Плюрализм философии вытекает из существа самой философии, заключающегося в том, что она каждый раз, в каждом своем опыте предлагает цельный и целостный взгляд на человека и мир. Взгляд этот может быть развернут с разной степенью полноты и системности, но в любом случае он характеризуется принципиальной завершенностью.

Словом, в противовес господствовавшему и широко распространенному вплоть до настоящего времени мнению, согласно которому существование философии в форме многообразных противоречащих друг другу систем является признаком её незрелости, подлежащим преодолению недостатком, академик Ойзерман считает это её особенностью, достоинством. Философия существует как исторически развернутое и умножающееся богатство философий. Как пишет академик Ойзерман в статье «Критические историко-философские заметки» (Вопросы философии. 2012. № 1. С. 137), «создание единого, общепринятого философского учения в принципе невозможно». Такой взгляд на философию можно вычитать уже в упоминавшейся выше статье академика Ойзермана 1968 г., однако окончательно он был сформулирован в монографии «Философия как история философии» (СПб., 1999. С. 5.): «Философия существует как философии, то есть как неопределенное множество различных противостоящих друг другу учений. Таков modus essendi философии.
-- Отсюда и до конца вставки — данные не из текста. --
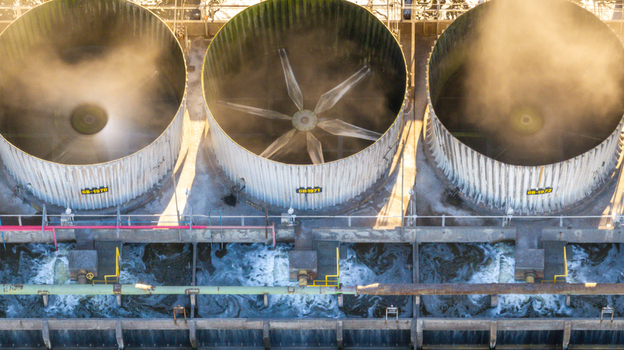 Aerial view of industrial cooling towers at a petrochemical complex with steam rising and water flowing in Santo Andre State of Sao Paulo Brazil.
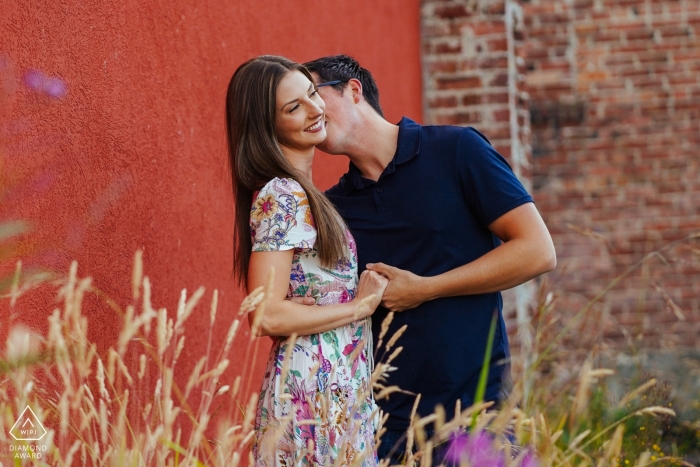 Enumclaw, fotógrafo de noivado de WA - casal beijando ao lado do edifício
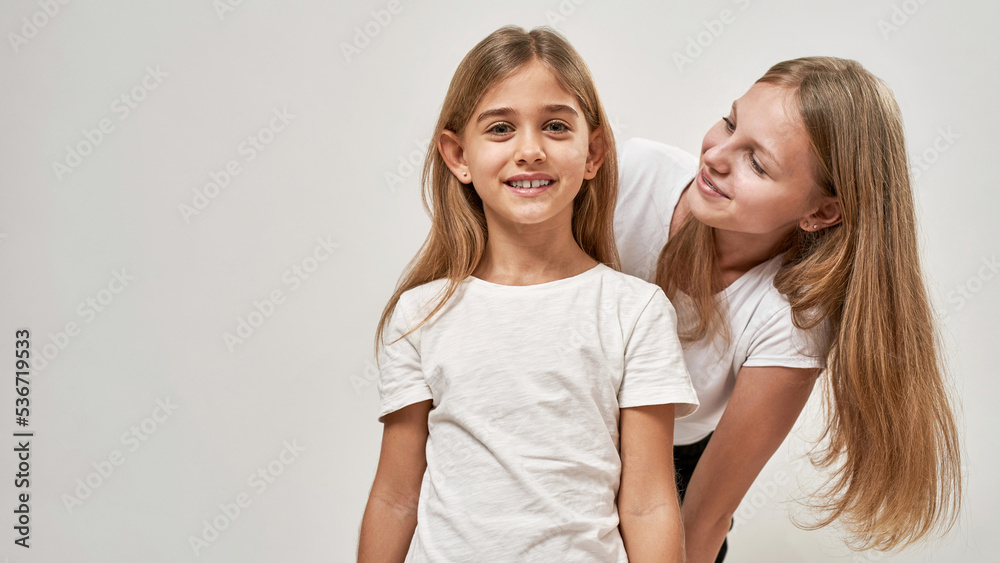 Girl looking at camera near sister looking at her Girl looking at camera near sister looking at her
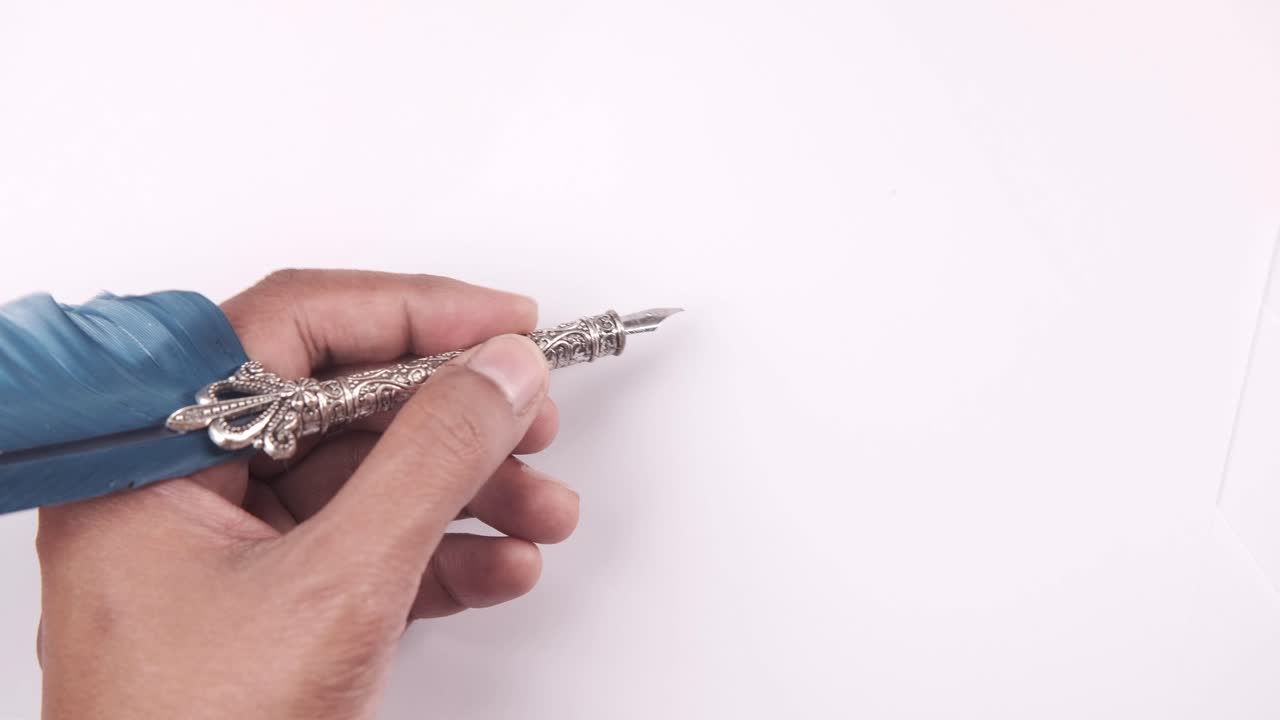 털 을 가진 빈티지 펜 을 들고 있는 손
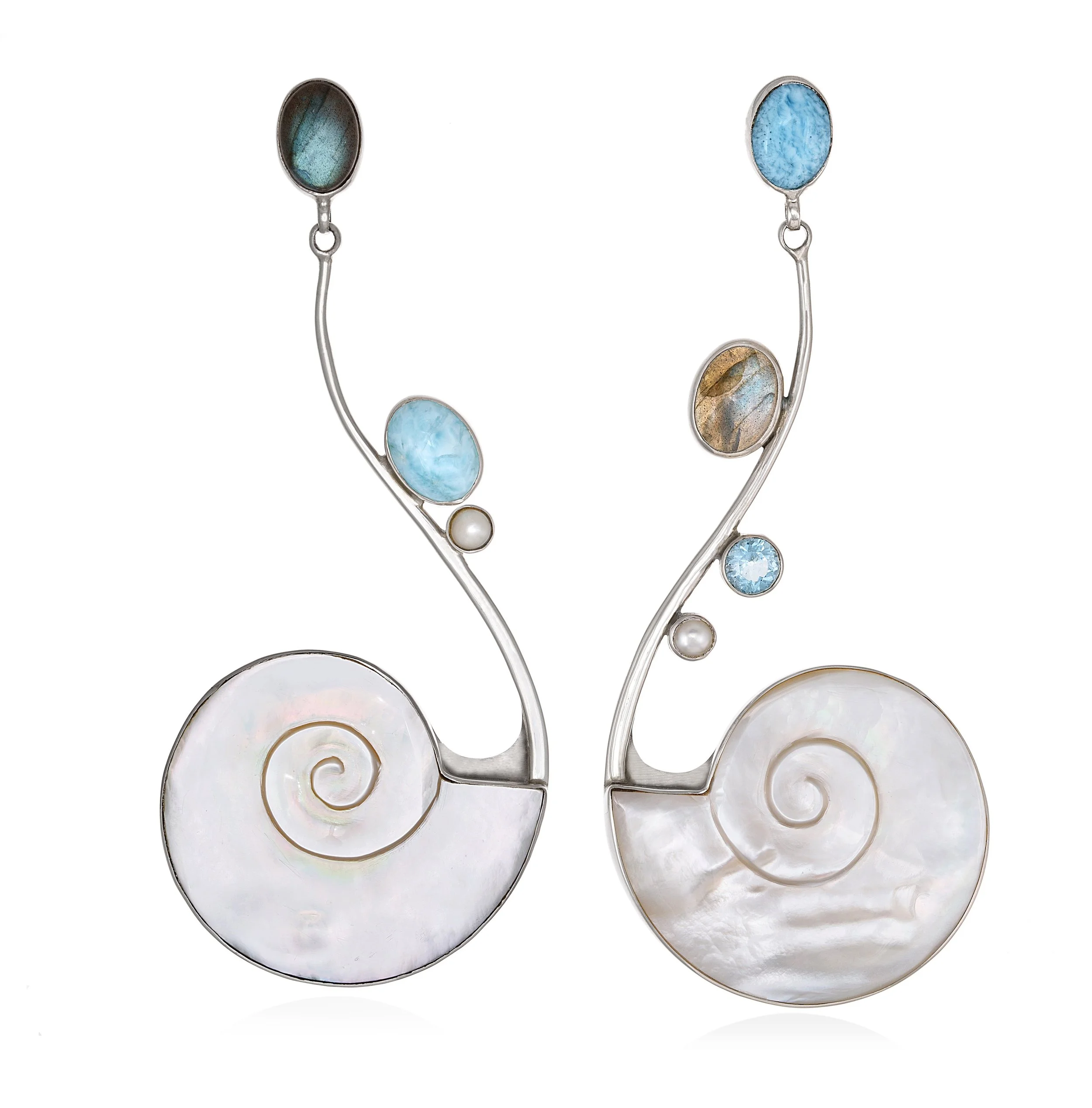 Original TASO jewelry design featuring sculptural silver forms with blue gemstones, created by jewelry designer Taso Haidemenakis.
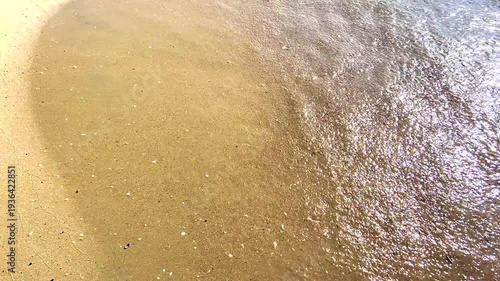 Calm sea waves gently washing over a beautiful golden sandy beach on a sunny summer day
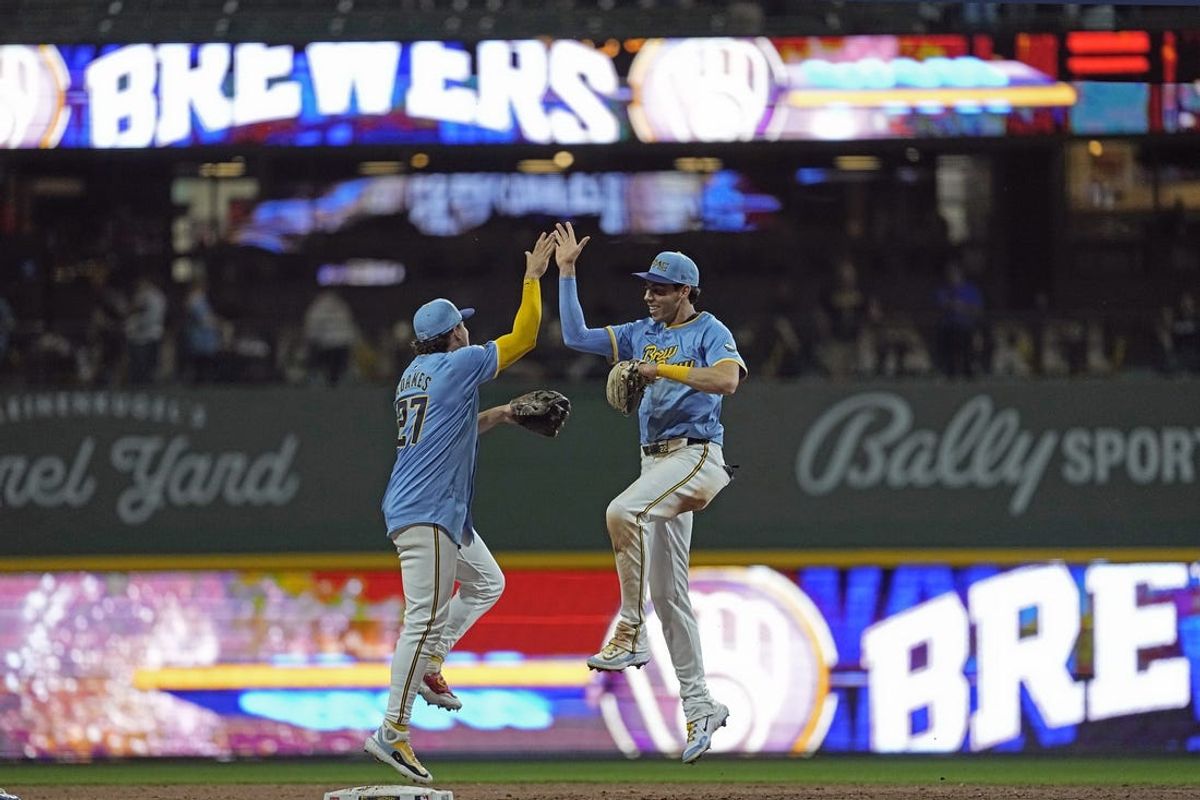 May 31, 2024; Milwaukee, Wisconsin, USA;  Milwaukee Brewers left fielder Christian Yelich (22) high fives shortstop Willy Adames (27) following the game against the Chicago White Sox at American Family Field. Mandatory Credit: Jeff Hanisch-USA TODAY Sports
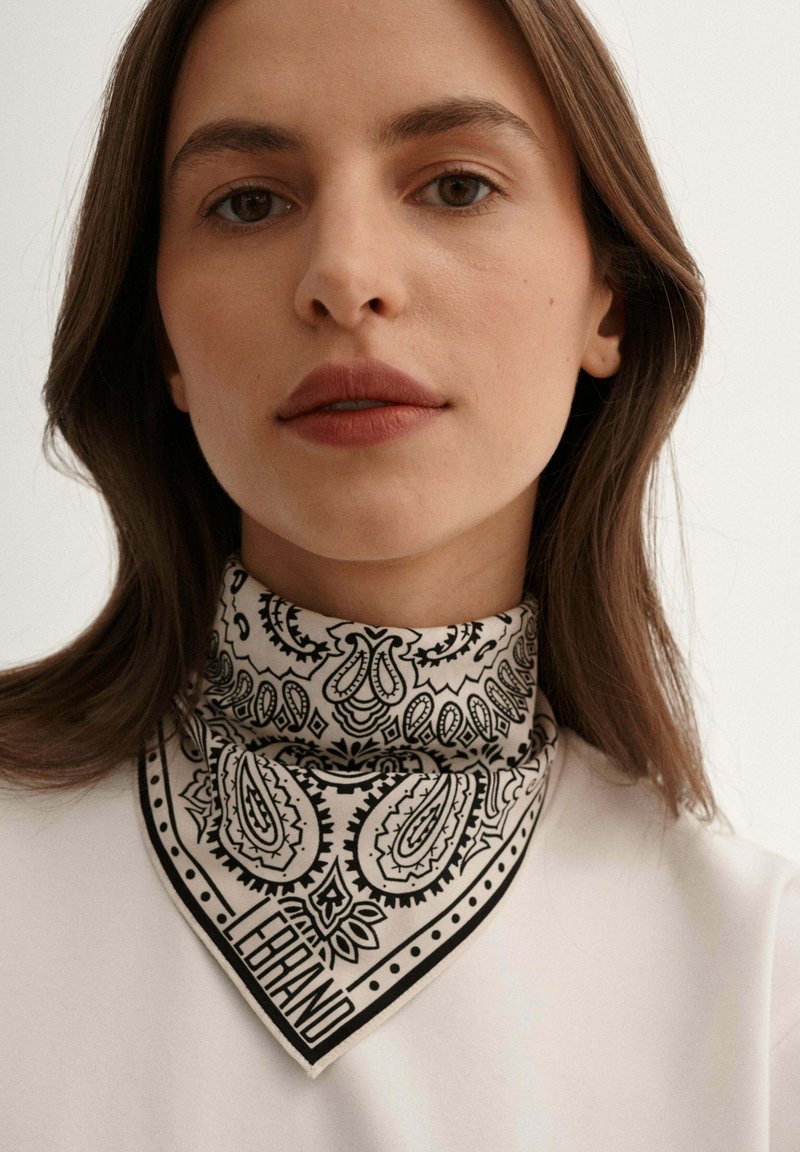 Czarnobiały szal w wzór paisley, wykonany z bawełny, w kształcie trójkąta, noszony na szyi, z napisem "LEBRAND" na dole.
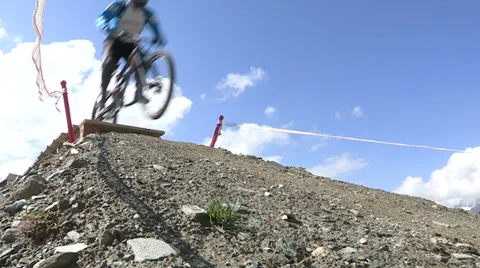 Cyclists jumping from bridge Stock Footage 33061478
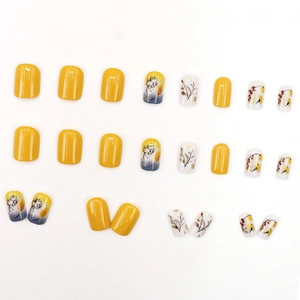 Press-on nail set featuring yellow and pearl white colors with romantic leaf patterns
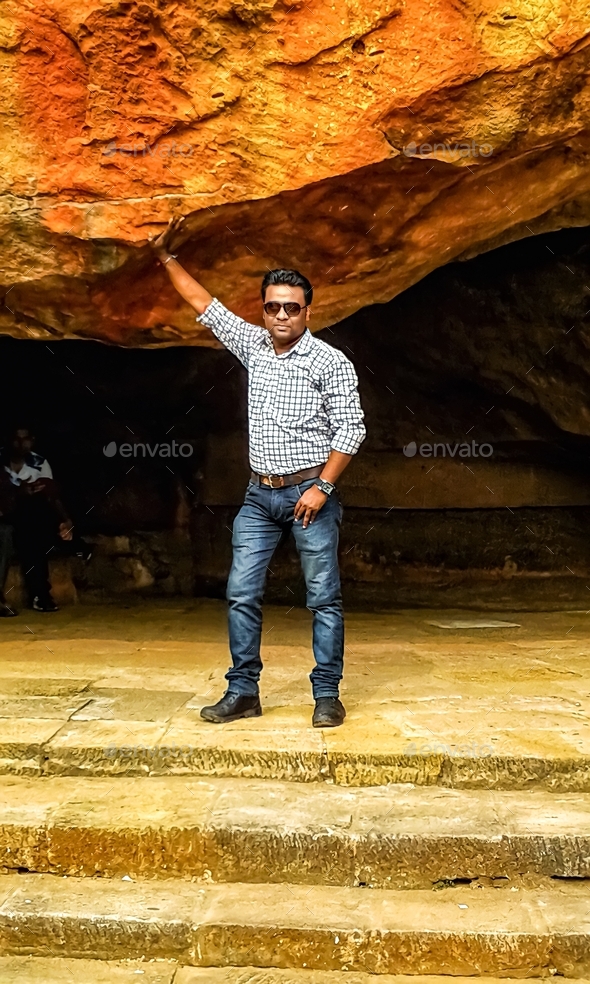 An Indian youth taking pictures in a cave in the Udayagiri region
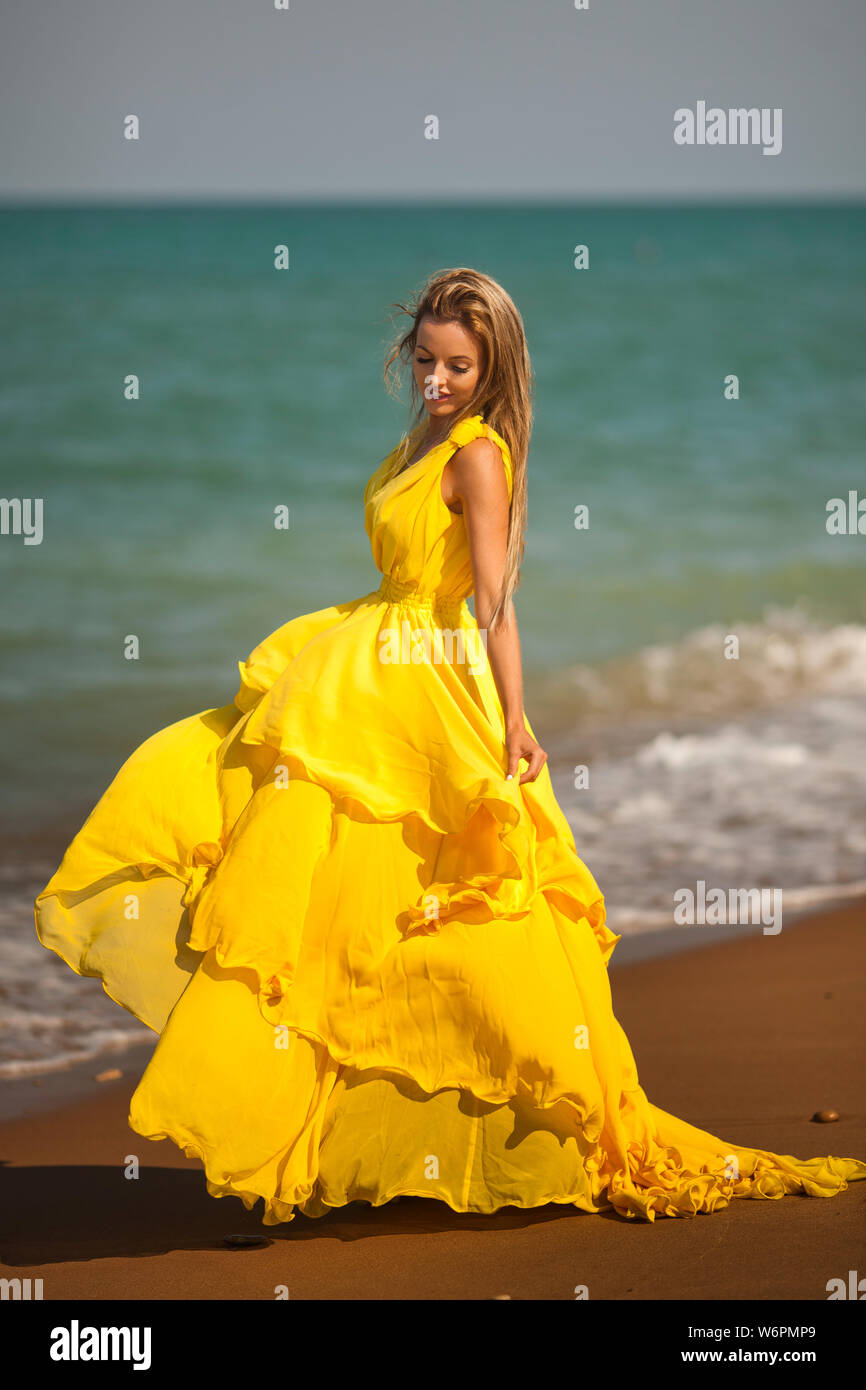 beautiful girl in a yellow dress by the sea Stock Photo Alamy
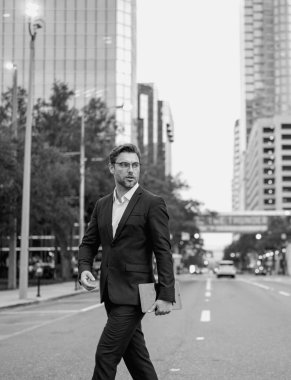 Modern şehrin merkezinde sokakta yürüyen bir iş adamı. Dışarıdaki iş adamının iş başarısı. Zarif takım elbiseli yakışıklı başarılı iş adamı.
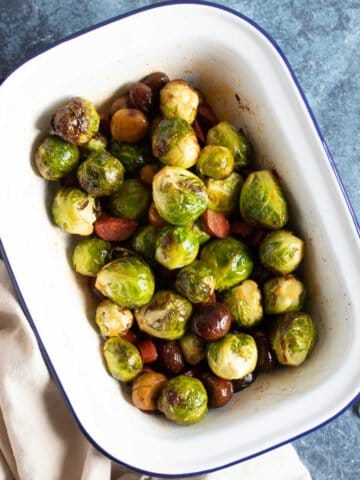 Roasted Brussels Sprouts in a white baking dish.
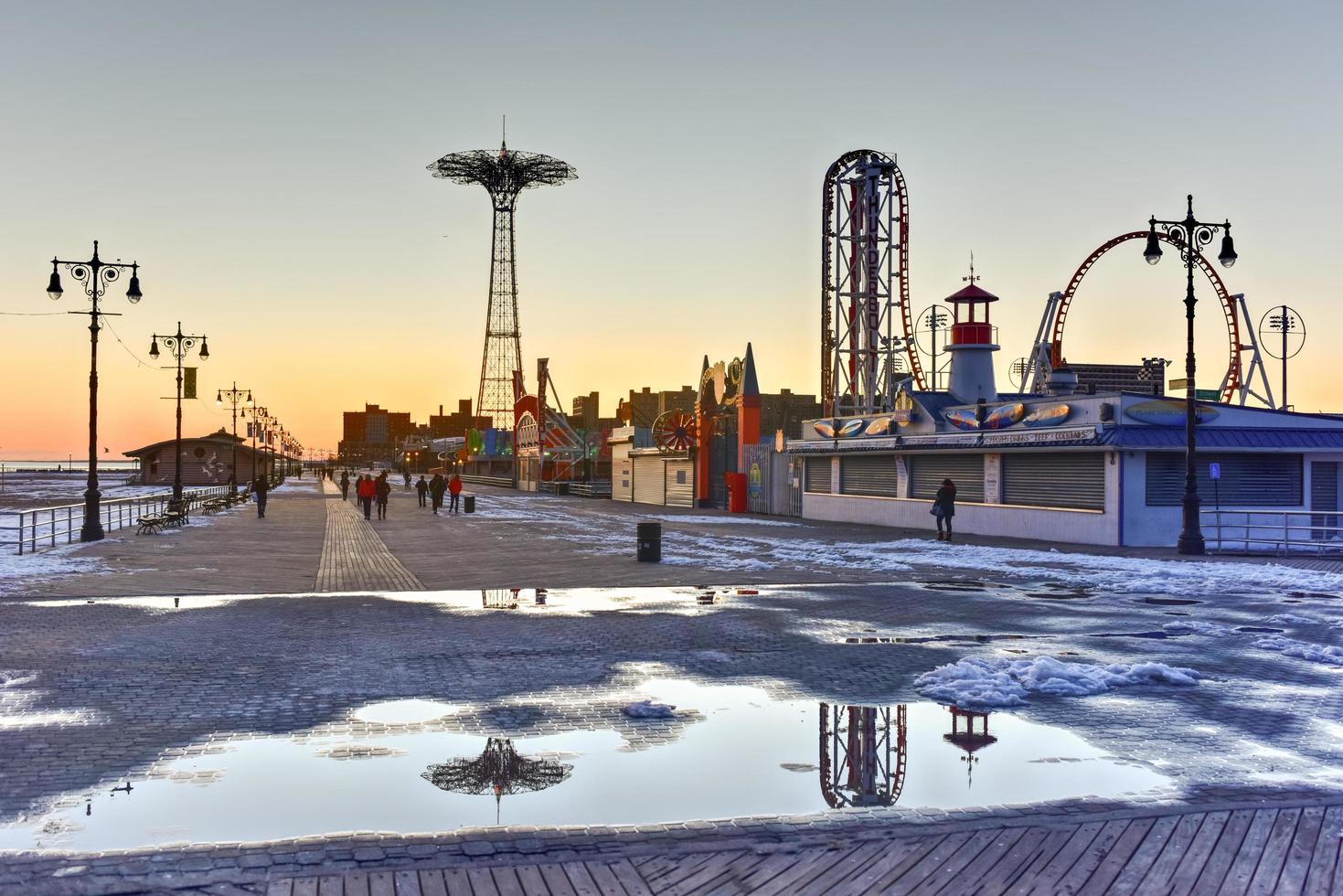 Coney Island Boardwalk with Parachute Jump in the background in Coney Island, NY, 2022 photo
Такой она была уже в первое столетие своего исторического бытия; такой она осталась и в наше время, и нет оснований полагать, что когда-нибудь в будущем философия утратит свою многоликость, которая, как я убежден, является её специфической сущностной определенностью». Этот вывод, который как будто бы лишь констатирует очевидность и который в этом отношении сродни простодушному суждению андерсеновского мальчика о голом короле, на самом деле кажется таковым только после того, как он сделан. Он в действительности задает новую основу для понимания философии, в том числе для понимания её единства, и новую перспективу для её бытия, которую можно обозначить как перспективу диалога и идейной переклички на всем пространстве истории философии.

Другой важной идеей академика Ойзермана о природе философского знания является идея амбивалентности философии. Речь идет не о том, что разные философии дают разные (часто диаметрально противоположные) ответы на одни и те же вопросы, как это, например, имеет место между материализмом и идеализмом, по-разному решающих вопрос о соотношении бытия и сознания. Под амбивалентностью имеется в виду противоречивость внутри самих философских систем. Речь, разумеется, не о случайных, субъективных противоречиях, которые можно было бы истолковать как ошибки, непоследовательность, логические упущения и т.д., а о противоречиях объективных и неизбежных, свойственных философии как таковой и вытекающих из противоречивости самого бытия.

Философия имеет дело с предельными понятиями, которые в силу своей предельности не могут быть выражены непротиворечивым образом. Типичный пример – кантовская «вещь в себе», которая постулируется разумом в качестве непознаваемой и которую, следовательно, мы знаем как то, что нельзя знать. Познание чего-то в качестве непознаваемого – это больше, чем противоречие. Ещё более очевидным случаем обреченности на амбивалентность можно считать стремление философов доказать существование свободы воли, хотя именно доказательство того, что свободная воля существует, было бы равносильно её отрицанию.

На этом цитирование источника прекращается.